Eventually, the manipulator starts getting a few random counterfeits right and this goes undetected by the enforcer. So, its learning time on the other side and the enforcer takes lessons on detecting these smarter counterfeits.

With the enforcer getting smarter, the counterfeits are detected again. The manipulator has no choice but to upgrade the counterfeiting operation to create more genuine-looking fakes.

This continuous game of cat-and-mouse continues, and ends up making experts out of both the manipulator and enforcer. So much so that the counterfeits are indistinguishable from the genuine ones, and also the detection of such ingenious fakes becomes almost uncanny.

You get the drift. And this, is the underlying concept of GANs.

Photos ©Dreamworks

Generative Adversarial Network, in context

Lets now get our story and actors translated, in the context of GANs.

GANs — a schematic flow with the key players

Both the manipulator and enforcer are models, a variant of the Deep learning neural networks.

The manipulator is called the ‘Generator network’ which is tasked with the job of creating training data, starting randomly and getting as realistic as it can. The enforcer is the ‘Discriminator network’, whose job is to detect and classify these as ‘real’ or ‘fake’, and become pretty good at it.

By pairing two models against each other as adversaries, we set them up for a healthy competition. Each tries mastering its own job across thousands of iterations, with no manual intervention. And voila, we end up with true-looking fakes and also a model that can detect most con-jobs.

And this is why GANs are such a master stroke in AI since they solve both the real-world problems of generating ‘data’ when you don’t have enough to start with, and ‘training’ models with no manual intervention, a form of unsupervised learning.

Atleast that’s where they are headed, and they are already operational. Over the past couple of years, there have been steady advancement of GANs with hundreds of variants created, and many more innovations underway.

Generative Adversarial Networks is the most interesting idea in the last ten years in machine learning. — Yann LeCun, Director, Facebook AI

Whats the utility of GANs?

What worldly good might come out of a perfect currency-printing machine or something conceptually similar? Apparently plenty, lets look at 3 broad areas.

1. Creative pursuits

Its incredible to imagine that machines have finally unlocked their right brains. After all, who wouldn’t be surprised when a nerdy programmer suddenly starts penning award-winning poetry.

With a new-found approach to mimic real images, GANs have started creating imaginary celebrities, or new masterpieces that bear distinctive signature of artists. The potential usecases with this ability spans creative disciplines.

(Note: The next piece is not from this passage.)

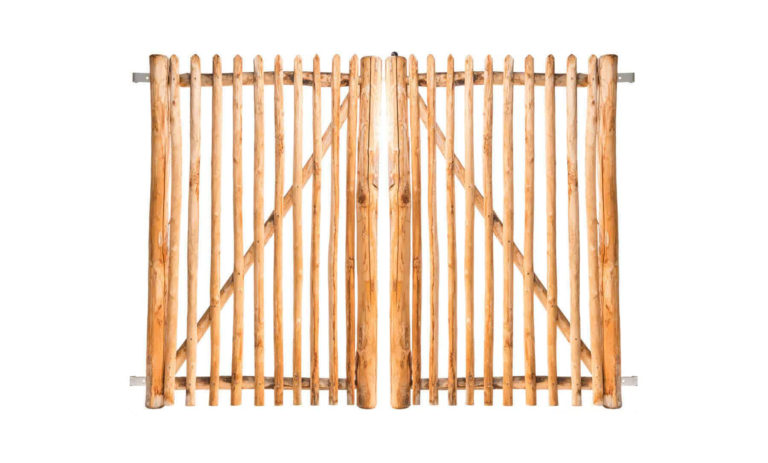 Double portail français en rondins 175 cm de hauteur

Imaginary Celebrities: Nvidia GANS model generated images using Celeb faces dataset as reference . (Paper)

2. Translating text

Suppose you want to find out how a person would look without their glasses or with a new hairdo, you just ask to have this created. Not very different from asking for the day’s weather or mapping your upcoming commute.

By creating new flora and fauna to user specification of a short description, GANs have been dutifully granting the demands, just like a wish-fulfilling genie. Pity they couldn’t breathe life into the creations.. atleast not yet.

Text to Image synthesis (Paper: https://arxiv.org/abs/1612.03242)

3. Generate training data

GANs do the heavy lifting of creating tons of training data, which can shift AI into the fast-lane of progress. Imagine GANs spawning realistic 3D worlds similar to ours, with millions of miles of roads & all possible traffic scenarios.

Rather than a self-driving car or drone getting trained in the real-world and causing horrendous accidents, they could get trained in these virtual worlds and become expert drivers. With GPU computing, this can be instantaneous.

While these are directional applications, GANs have already been applied to high-impact business applications like drug discovery, and there are literally hundreds of use cases in early stages of experimentation.

While this might already sound revolutionary, the best in GANs is yet to come. The purpose of this article is to share a simple, inclusive tutorial for spreading awareness about this important technology. Now, let’s wait for the magic to be unfurled!